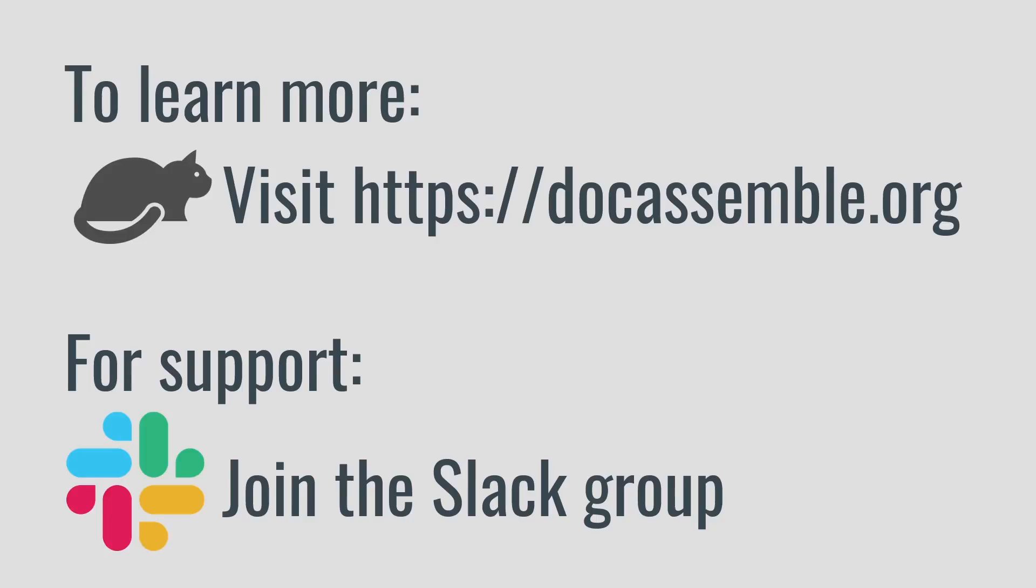To learn more about DocAssemble, visit DocAssemble.org. If you try it out, follow the link on the website to the Slack group, where you can get free support from the developers and other community members.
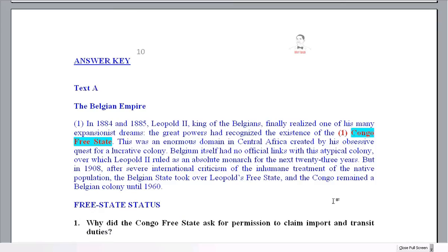I should mention that I don't write the ELE exam. I have no involvement in it — it's nothing to do with me. So all I'm doing is giving you a reading that I think is similar to what you might see in the ELE exam.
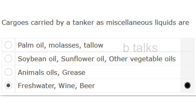Cargoes carried by a tanker as miscellaneous liquids are: Palm oil, molasses, tallow; soybean oil, sunflower oil, other vegetable oil; animal oils, grease; freshwater, wine, beer.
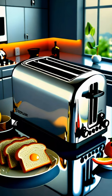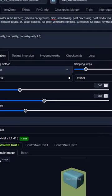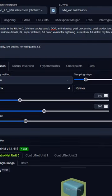Here is the result. In stable diffusion, let's import the rendered image into ControlNet, and use Depth to generate a new image like this.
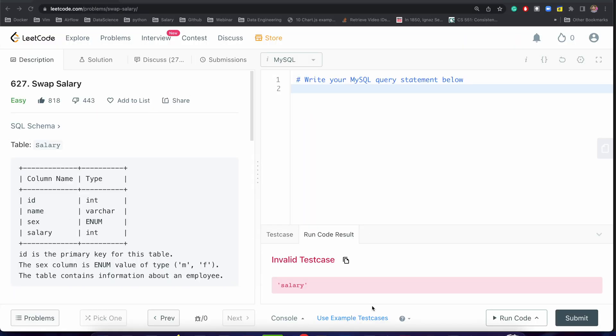Welcome back to my channel. Today we are going to solve a very interesting problem, that is Swap Salary. Before starting, let's discuss something.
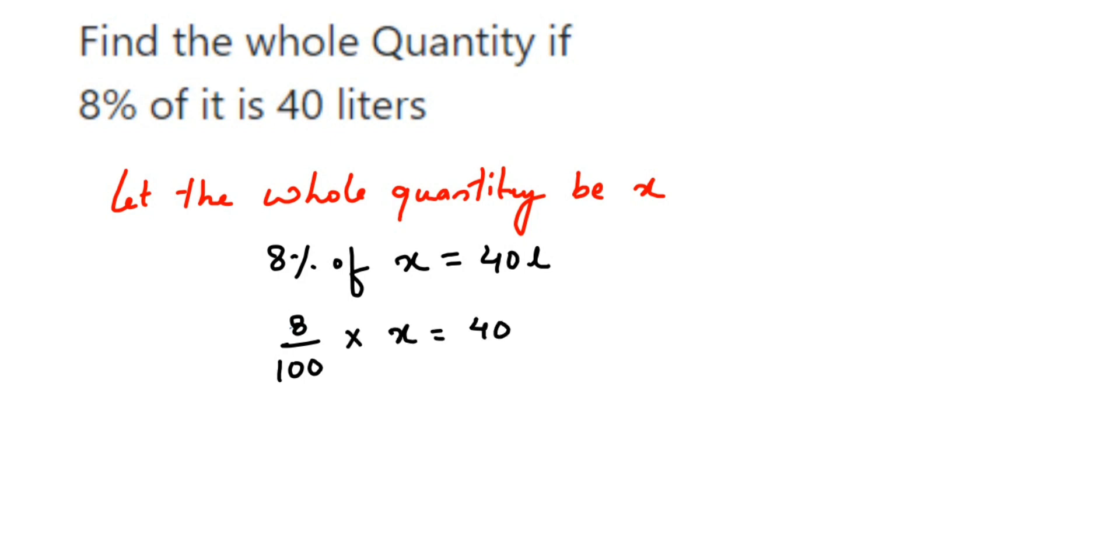Now I have to find out the value of x, so I'm going to transpose 100 to the other side. So 100 is in division, when you transpose it comes in multiplication. So 8 into x is equal to 40 multiplied by 100.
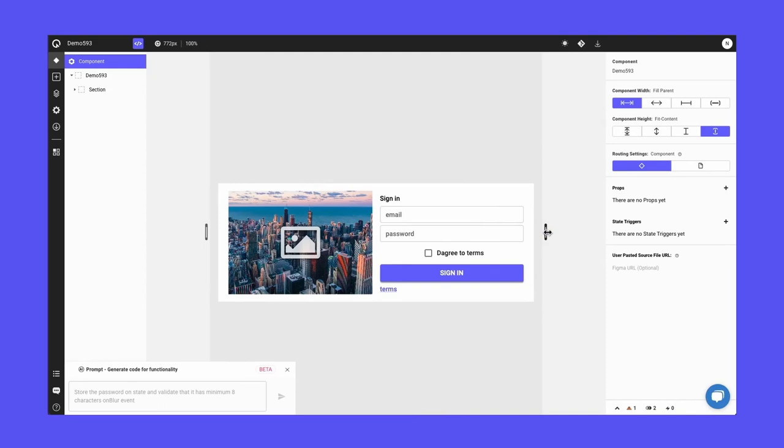Now, the last thing, the important thing is these are not just any text boxes or any buttons on the screen. These are components from your design system in your component library. So let's go take a look at the code.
====
▶ **Problem**:
Starting from the line with "Cargoes carried by" in the records above, repeat each line exactly until you have written the line with "Here is the", then stop; drop the pictures.

▶ **Your response**:
Cargoes carried by a tanker as miscellaneous liquids are: Palm oil, molasses, tallow; soybean oil, sunflower oil, other vegetable oil; animal oils, grease; freshwater, wine, beer.
Here is the result. In stable diffusion, let's import the rendered image into ControlNet, and use Depth to generate a new image like this.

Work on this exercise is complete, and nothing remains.